The 2007 GAC Strategy placed special emphasis on the need for ‘multistakeholder engagement’ (MSE): the possibility for the Bank to engage directly with actors outside executive government, including the legislative and judicial branches of government, the private sector, civil society organizations and even the media. The GAC Strategy was updated in 2012 to respond to the fundamental changes that have swept the world since its adoption in 2007, including the financial crisis, the rise of civil society movements, especially in the Middle East and North Africa region. These changes have important implications for the way in which the Bank does its business, and the kinds of support it provides governments and puts renewed emphasis on the Bank’s "multistakerholder engagement".
During Board discussions, the following paragraph 34 of the Strategy paper set out the consensus of the Bank Executive Directors on the parameters for MSE:
The WBG’s Legal Framework for Multistakeholder Engagement. In keeping with existing practice, as part of the overall framework of cooperation with its members, in undertaking multi-stakeholder engagement, the WBG will, in consultation with government, make sure to work within the country’s constitutional and legislative framework, seek the approval of government where it is required by its operational policies and procedures, and avoid engagements that are not consistent with the Articles framework. Working with the government as its principal counterpart in accordance with these parameters, the WBG will scale up existing good practice in working with a broad range of stakeholders in close collaboration with other development partners, respecting a division of labor among donors based on expertise and mandate.
As part of the implementation of the GAC Strategy, the Legal Vice Presidency was asked to advise on the parameters for MSE under the Articles. It then worked with the Poverty Reduction and Economic Management (PREM) network, the World Bank Institute and others to develop a Guidance Note on MSE. The Note is anchored in the above consensus, and spells out in more detail the relevant legal and policy considerations, in particular Bank mandate issues, including the political prohibition, operational policies and procedures, and provides operational guidance within the parameters of paragraph 34. Among other things, the Note provides that Bank staff should make sure to take two steps to guard against political interference risks in all cases.

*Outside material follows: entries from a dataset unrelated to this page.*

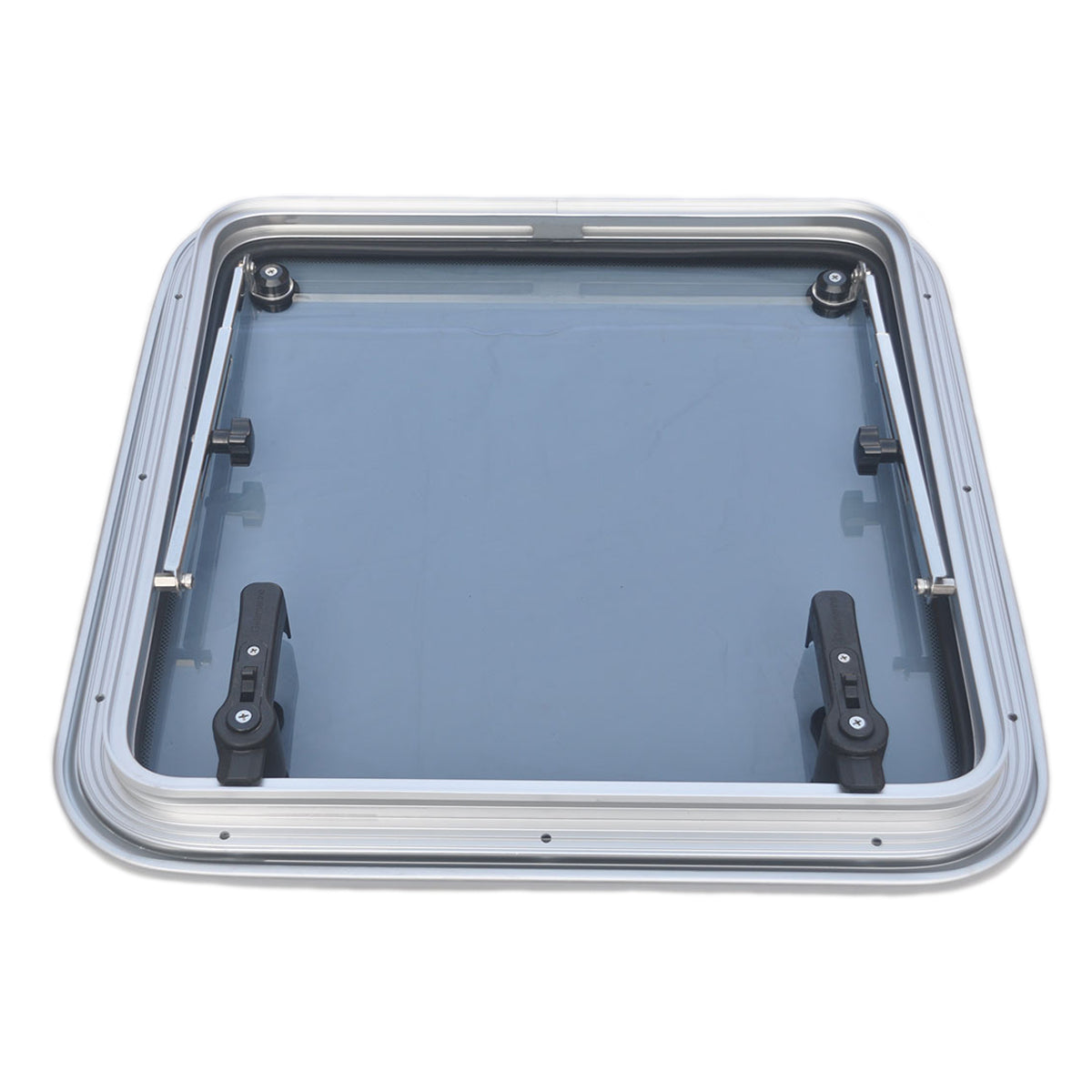 Small-Sized Marine Anodized Aluminum Square Hatch Porthole With Tempered Glass For Marine Boat Window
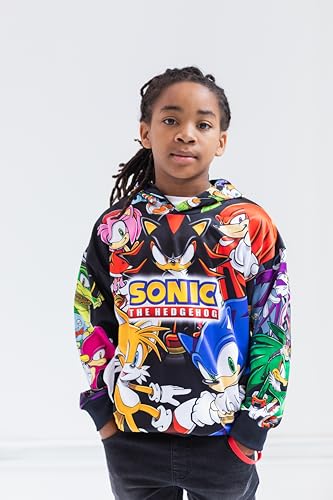 Image of SEGA Sonic the Hedgehog Boys Pullover Hoodie with Side Pockets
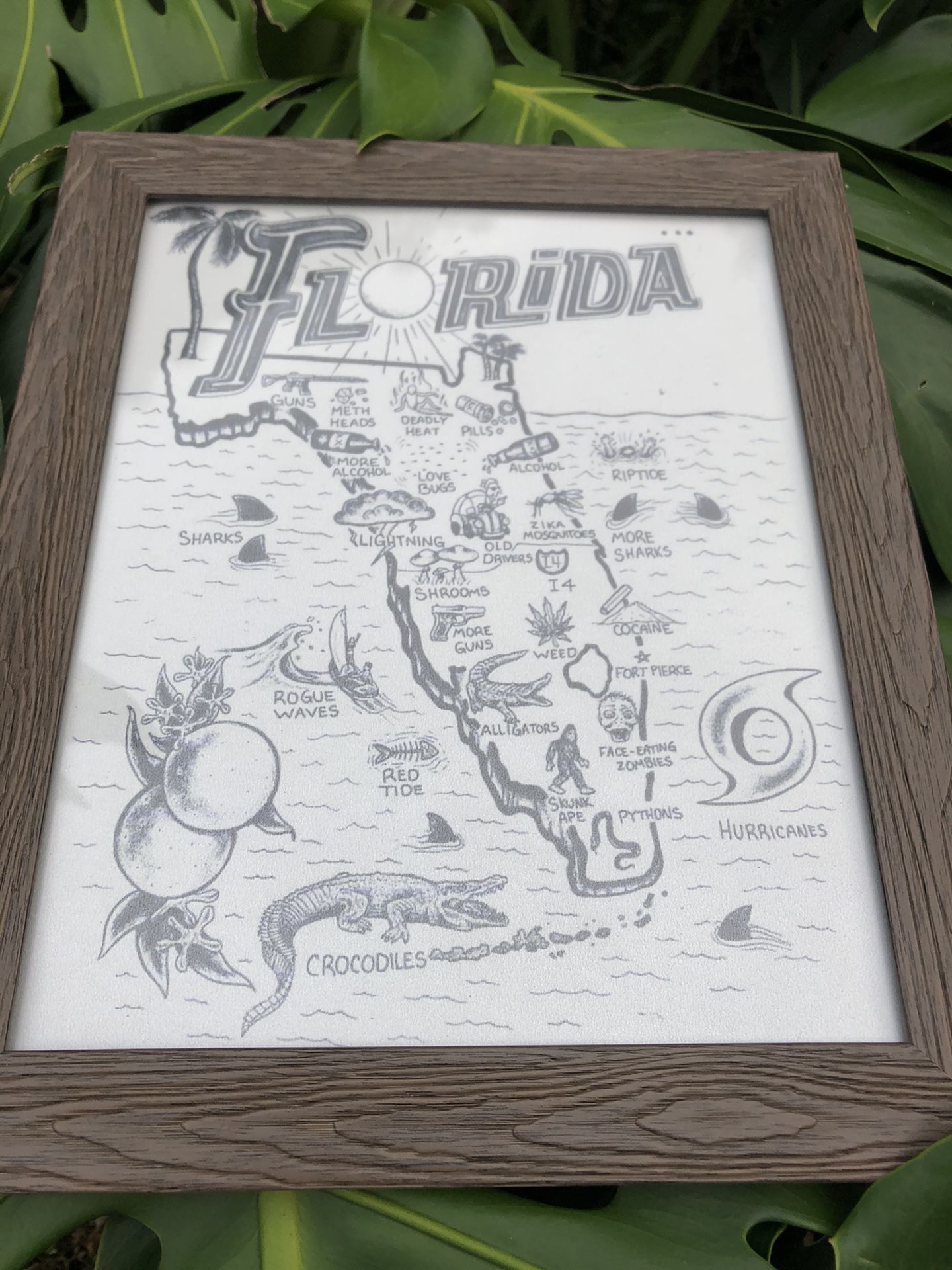 The Real Florida - Fort Pierce - 8x10 Framed Art Decor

First, consistent with the GAC Strategy’s overall approach, the Note counsels that the Bank would be well advised to ensure that the activities it supports enjoy country ownership, ideally, supported and/or implemented by coalitions including government, the private sector and civil society, and enjoy consensus among political actors in the relevant country.
Second, the Note recommends that the Bank should avoid activities that are inherently linked to partisan politics, such as support for the electoral process, and engagement with entities or groups outside the executive with strong or obvious partisan associations. In addition, care should be taken in cases where the Bank harmonizes its efforts with other donors to avoid the perception that the Bank is endorsing or encouraging other donors to take particular positions on matters that are outside the Bank’s mandate.
Accordingly, to avoid the risk of political interference risk, when working with a broad range of stakeholders outside of the executive, the Note advises that Bank staff should take appropriate measures in project design and implementation, which may include:
Clear demarcation of the audience, focus and boundary of the activity, tied to a development objective from the outset. Ensuring that the activities it supports enjoy country ownership. Assessing the risk of political entanglement real or perceived and take measures to avoid this risk through appropriate design, including appropriate mechanisms to ensure that the project is implemented in a neutral, non-partisan fashion. Taking care where the Bank harmonizes its activities with other donors to ensure that it does not endorse, nor is seen as endorsing, controversial program components or activities, those that pose a reputational risk, or those that are inconsistent with the political prohibition. More generally, in assessing the degree of risk, the Note counsels that the Bank should examine all relevant factors, including the overall country context, the nature of the particular activities to be supported, and the nature of the actors with which it proposes to engage, including their relationship with the government. In this regard, the Bank should avoid activities that are inherently linked to partisan politics, such as support for the electoral process, and engagement with entities or groups with partisan associations.